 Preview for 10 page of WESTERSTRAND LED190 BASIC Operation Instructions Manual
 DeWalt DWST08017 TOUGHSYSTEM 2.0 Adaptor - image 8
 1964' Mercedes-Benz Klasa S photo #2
^^^^^^^^
To do :: Reproduce, exactly and only, the lines running from the one with "DeWalt DWST08017 TOUGHSYSTEM" to the end of the listing above.

Output of the task ::
 DeWalt DWST08017 TOUGHSYSTEM 2.0 Adaptor - image 8
 1964' Mercedes-Benz Klasa S photo #2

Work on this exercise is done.